Automan if that updated information is different then what you sent me 2 days ago let me know! 

Also, as I was pricing some parts today I was told by a worker at a local hardware store to try a Grade 8 1/4x20 hex bolt for the jig post as it may be stronger then a Allen head, just grind down or cut off the head????? Idk but I guess if I can find a Grade 8 allen head then it would work even better!


----------



## automan26 (Oct 21, 2002)

wsbark01 said:


> Automan if that updated information is different then what you sent me 2 days ago let me know!
> 
> Also, as I was pricing some parts today I was told by a worker at a local hardware store to try a Grade 8 1/4x20 hex bolt for the jig post as it may be stronger then a Allen head, just grind down or cut off the head????? Idk but I guess if I can find a Grade 8 allen head then it would work even better!

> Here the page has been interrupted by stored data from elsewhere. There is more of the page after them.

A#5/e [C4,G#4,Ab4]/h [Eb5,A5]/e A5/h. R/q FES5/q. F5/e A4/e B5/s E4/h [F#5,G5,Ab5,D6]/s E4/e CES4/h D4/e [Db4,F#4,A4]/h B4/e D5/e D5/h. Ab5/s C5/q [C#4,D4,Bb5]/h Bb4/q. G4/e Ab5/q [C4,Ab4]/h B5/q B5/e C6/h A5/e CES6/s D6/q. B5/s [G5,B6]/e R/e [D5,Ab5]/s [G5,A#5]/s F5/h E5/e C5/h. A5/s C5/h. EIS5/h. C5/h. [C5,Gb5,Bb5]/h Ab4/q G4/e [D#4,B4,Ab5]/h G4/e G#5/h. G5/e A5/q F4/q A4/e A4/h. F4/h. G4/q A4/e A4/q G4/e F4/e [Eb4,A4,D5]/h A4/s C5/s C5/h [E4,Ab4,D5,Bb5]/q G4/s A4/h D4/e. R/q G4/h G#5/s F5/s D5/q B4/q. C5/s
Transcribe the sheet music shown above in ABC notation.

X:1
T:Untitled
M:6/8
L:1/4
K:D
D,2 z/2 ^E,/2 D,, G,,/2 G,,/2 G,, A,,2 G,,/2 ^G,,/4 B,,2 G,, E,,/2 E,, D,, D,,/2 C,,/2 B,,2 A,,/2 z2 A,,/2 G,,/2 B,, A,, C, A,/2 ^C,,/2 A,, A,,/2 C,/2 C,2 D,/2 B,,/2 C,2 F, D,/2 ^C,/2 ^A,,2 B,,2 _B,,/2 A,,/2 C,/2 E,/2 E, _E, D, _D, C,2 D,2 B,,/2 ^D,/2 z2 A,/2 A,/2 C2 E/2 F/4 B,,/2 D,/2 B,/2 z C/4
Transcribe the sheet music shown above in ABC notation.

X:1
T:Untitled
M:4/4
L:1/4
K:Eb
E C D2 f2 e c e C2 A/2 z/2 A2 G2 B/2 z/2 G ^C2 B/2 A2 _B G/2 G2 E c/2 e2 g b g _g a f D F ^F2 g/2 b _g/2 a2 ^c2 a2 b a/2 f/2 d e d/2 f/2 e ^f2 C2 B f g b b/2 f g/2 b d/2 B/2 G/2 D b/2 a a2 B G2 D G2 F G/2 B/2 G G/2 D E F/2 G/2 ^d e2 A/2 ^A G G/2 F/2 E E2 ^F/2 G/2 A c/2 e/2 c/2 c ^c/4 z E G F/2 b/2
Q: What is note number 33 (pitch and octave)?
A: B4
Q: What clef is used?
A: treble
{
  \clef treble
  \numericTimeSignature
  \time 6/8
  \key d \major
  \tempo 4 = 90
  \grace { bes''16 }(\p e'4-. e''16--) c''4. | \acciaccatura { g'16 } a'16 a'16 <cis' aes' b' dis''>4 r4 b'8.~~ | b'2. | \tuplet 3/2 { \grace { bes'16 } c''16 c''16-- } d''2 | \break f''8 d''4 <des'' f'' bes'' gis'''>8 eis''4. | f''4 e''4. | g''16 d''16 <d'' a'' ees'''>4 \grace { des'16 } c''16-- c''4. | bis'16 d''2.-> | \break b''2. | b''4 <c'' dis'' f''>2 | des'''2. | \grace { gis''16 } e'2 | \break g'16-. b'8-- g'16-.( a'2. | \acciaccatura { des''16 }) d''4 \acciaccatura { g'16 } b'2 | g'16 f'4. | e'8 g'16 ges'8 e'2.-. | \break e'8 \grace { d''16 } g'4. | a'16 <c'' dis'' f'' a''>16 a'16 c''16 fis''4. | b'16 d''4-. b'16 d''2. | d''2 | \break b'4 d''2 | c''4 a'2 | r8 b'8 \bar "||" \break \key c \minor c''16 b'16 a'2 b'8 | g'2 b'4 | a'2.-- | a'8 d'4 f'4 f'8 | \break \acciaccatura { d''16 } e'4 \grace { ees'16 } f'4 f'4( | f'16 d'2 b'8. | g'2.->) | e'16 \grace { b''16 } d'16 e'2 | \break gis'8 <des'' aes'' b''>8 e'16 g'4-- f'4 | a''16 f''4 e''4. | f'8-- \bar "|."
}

I think grade 8 bolts would be a good idea, but I have put some nasty tension on the jig to the point that when I showed it to my wife she backed away and thought it was going to explode. But, if you go with the grade 8, you will be in very great shape indeed.

Automan


----------



## Onytay (Aug 1, 2012)

I've been contemplating building my own strings and this jig is really making me think about it a little harder, thank you for taking the time to put this all together!


----------



## wsbark01 (Feb 26, 2009)

automan26 said:


> I think grade 8 bolts would be a good idea, but I have put some nasty tension on the jig to the point that when I showed it to my wife she backed away and thought it was going to explode. But, if you go with the grade 8, you will be in very great shape indeed.
> 
> Automan


Got another question????

What size of a post be to big for making strings? Like in this one you are using 1/4" so is say 1/2" post to big??? What are the smallest end loops that any bow may use? I have another idea that would make this jig even more Bad Arse and still cost about the same, it all just depends on the answer to this question!


----------



## automan26 (Oct 21, 2002)

wsbark01 said:


> Got another question????
> 
> What size of a post be to big for making strings? Like in this one you are using 1/4" so is say 1/2" post to big??? What are the smallest end loops that any bow may use? I have another idea that would make this jig even more Bad Arse and still cost about the same, it all just depends on the answer to this question!


The reason I am using 1/4" posts is because the industry standard for measuring string length is 1/4" posts @ 100#. I have used posts as big as 3/8" and it worked fine. 1/2" posts would be too much. I am building and stretching a string at this very moment and my loops are 3/8". I think that is about as small as I would ever go. The anchors on my Airborne cams are on the smaller side and the 3/8" loop is just right. Any smaller and I would be in trouble.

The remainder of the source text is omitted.